Roy Moore criticizes Commandments display
You would think that suspended Alabama Chief Justice Roy Moore would be happy about his governor's new display of the Ten Commandments, which was installed Tuesday in the old Supreme Court library room in the Capitol. But he's not. Actually, it's the posting of the Magna Carta, the Mayflower Compact, and the Declaration of Independence along with the Ten Commandments that Moore is upset about.

"To put things around the Ten Commandments and secularize it is to deny the greatness of God," Moore told supporters at a banquet to raise money for his legal defense.

Still, if Moore's main point was that Alabama law is based upon the principles in the Ten Commandments, isn't it also based on those other documents as well? That's the idea, says Gov. Bob Riley. "Just as the Ten Commandments are exhibited in similar displays in the U.S. Supreme Court and in our nation's Capitol building, I feel it is important to display them in our Capitol, as well," he said. "Visitors to Montgomery can now read and learn about those historical documents upon which our system of laws rests."

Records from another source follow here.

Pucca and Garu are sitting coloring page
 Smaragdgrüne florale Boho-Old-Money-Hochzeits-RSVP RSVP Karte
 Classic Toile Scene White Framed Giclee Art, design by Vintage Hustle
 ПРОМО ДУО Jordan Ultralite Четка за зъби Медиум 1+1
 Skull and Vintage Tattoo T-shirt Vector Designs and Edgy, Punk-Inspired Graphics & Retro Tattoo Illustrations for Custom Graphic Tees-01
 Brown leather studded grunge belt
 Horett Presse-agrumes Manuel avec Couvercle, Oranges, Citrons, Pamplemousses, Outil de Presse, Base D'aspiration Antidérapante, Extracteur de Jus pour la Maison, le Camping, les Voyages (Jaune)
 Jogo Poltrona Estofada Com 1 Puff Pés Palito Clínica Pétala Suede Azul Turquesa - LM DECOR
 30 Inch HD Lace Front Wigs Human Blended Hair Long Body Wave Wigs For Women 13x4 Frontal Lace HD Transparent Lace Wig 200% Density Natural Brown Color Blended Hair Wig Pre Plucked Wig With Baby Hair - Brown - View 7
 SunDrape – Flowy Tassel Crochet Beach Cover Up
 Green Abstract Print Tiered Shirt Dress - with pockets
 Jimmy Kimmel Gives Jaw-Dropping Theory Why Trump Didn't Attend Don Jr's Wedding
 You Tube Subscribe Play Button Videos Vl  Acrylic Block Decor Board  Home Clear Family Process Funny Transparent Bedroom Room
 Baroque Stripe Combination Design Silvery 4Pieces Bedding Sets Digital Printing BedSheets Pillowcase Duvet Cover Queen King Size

In related news, Arkansas judge David Pake has changed the Ten Commandments display on his courtroom law, adding the Declaration of Independence, selections from the codes of Hammurabi and Justinian, and quotes from British legal scholar Sir William Blackstone. Polk County, Florida, yesterday installed a 7-foot granite monument that includes the Ten Commandments, along with 11 other documents. That monument is being unveiled today. Other commandments controversies around the country keep rolling along, too.

California forestry service drops firefighter chaplains
Faced with a lawsuit from six state firefighters, the California Department of Forestry and Fire Protection has dropped its chaplain program. The complaining officers objected to the two-year-old program, saying chaplains should not be allowed to wear religious pins on their uniforms and should not be allowed to conduct Christian prayers at fire sites and graduation ceremonies.

The California Department of Forestry and Fire Protection now agrees, and says firefighters may only conduct moments of silence. Religion must be left off duty, and firefighters cannot use their uniforms during any ministry activity. The department will also pay the six plaintiffs $45,500 to cover legal fees.

"We believe this is the way to go: to separate any appearance of sponsorship of religion in the department," department spokeswoman Karen Terrill told the Los Angeles Times. "We stress that we will not prevent religious discussions or exchanges, but it will not be done on CDF time."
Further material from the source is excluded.